Many donors also give simply when asked by friends and family members, without considering the cause area, just to be supportive. Some donors look for super-small, grassroots organizations, because they want their money to go directly to people in need. Others prefer large organizations with brand recognition, such as Boys & Girls Clubs.
5. “How have you been asked for money in the past? How was that experience?”
This is a question to ask major donors after you have gotten past the introductory questions. If they share, you’ll learn a lot about what they like and don’t like when being asked for money. They may tell you a story about a Development Director who was super nervous or a friend who asked for a big gift on the golf course. Be ready to listen to what they say and what they don’t say – all of it will help you craft your next Ask for this donor!

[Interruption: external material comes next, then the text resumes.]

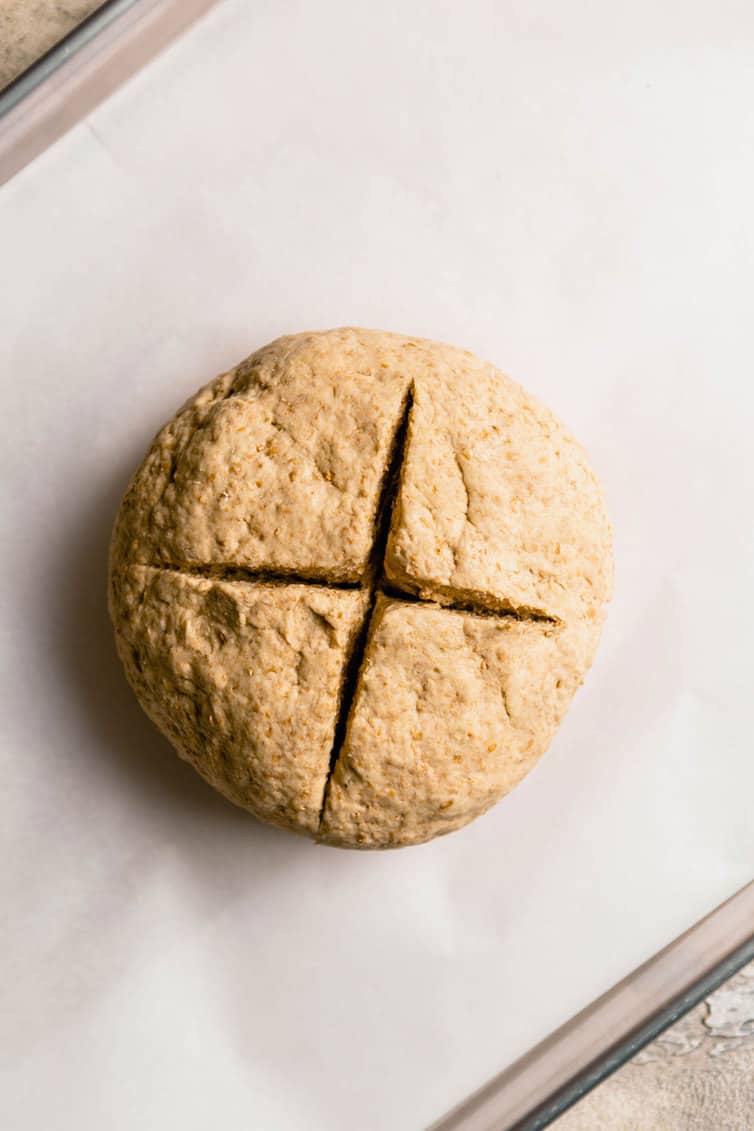 Irish brown bread dough on a parchment paper lined baking sheet with a cross cut in the top of the loaf.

6. “What’s your process in making a giving decision?”
Some donors are impulsive when giving, but when it comes to a large donation, it’s usually a ‘stop-and-think’ situation. Frankly, if you ask and get an immediate “yes” you didn’t ask for enough!
When you ask about their decision-making process, you’ll find out what factors they take into consideration, who else they involve or seek advice from, and how much time they like to take in thinking it over. You might find out they want to see financials if you ask for a large donation. Or that they only give to certain kinds of campaigns.

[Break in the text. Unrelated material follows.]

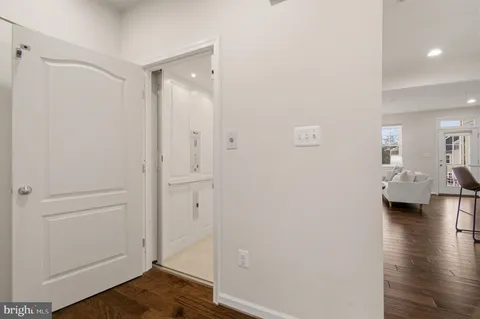 a view of a house with wooden fence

Or you may find out that they love your cause and they don’t really care how you use the money! (This recently happened to one of my clients – they were trying to decide which project to ask the donor to fund and the donor said “Here’s $15,000 – use it wherever you need it most.” Awesome, right?)
When you understand the donor’s process for making a decision, you can ask early enough so you aren’t rushing them to make a decision. And you might suggest a meeting that involves those who need to weigh in on the request, which could save some time later or at least save your donor from having to reiterate your request to their family or advisors.
7. “What inspired you to give your first donation to our nonprofit?”
This is a great question to ask major donors because it gives your donor the opportunity to tell you a story. It is often easier for people to communicate their feelings and opinions by telling a story than trying to explain everything, which can feel too abstract and hard to put into words. Often when a person struggles to put something into words, it means the issue is very important to them and they want to articulate it in an accurate way.
What you might learn from the answer to this question is that the donor was a volunteer before they first gave (which is actually pretty common). Or you might learn which program, project, or appeal first sparked their heart. Or you might find out it was one of your volunteers or Board members who brought this donor to the family.
8. “What do you believe would make the biggest impact on those we serve?”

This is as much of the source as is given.